Photo Source: Black Moon
The Gospel of Mark tells of the chaste princess Salome, who's scorned attempt to seduce John the Baptist leads her to strike a bargain with her skeevy stepfather, King Herod Antipas. Obsessed with his stepdaughter, Herod readily agrees to give Salome anything she desires if she will dance for him. After a tantalizing striptease involving seven veils, Salome demands the head of John the Baptist, which horrifies the superstitious Herod. Wilde's 1893 script retells the grisly story with so much eroticism and élan that it was banned from English-speaking stages for almost 40 years. And yet Migliaccio's austere staging, though nicely spruced up with huge projections of India Evans' gorgeous mixed-media collages, feels bloodless and utterly without humor.
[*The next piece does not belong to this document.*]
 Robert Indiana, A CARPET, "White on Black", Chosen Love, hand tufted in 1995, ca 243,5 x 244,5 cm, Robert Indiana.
It's hard to imagine, for instance, that Wilde wouldn't want us to chuckle a little as Herod desperately offers his stepdaughter 50 of his prize peacocks instead of the detached head she has requested, but here Alessio Bordoni plays the deluded king for pathos. And despite an expert execution of Natasa Trifan's undulating choreography during the racy veil dance, Karina Fernicola-Ikezoe's Salome comes across more like a huffing parody of a petulant child than a rebuffed virginal seductress, remaining at full-on tantrum throughout.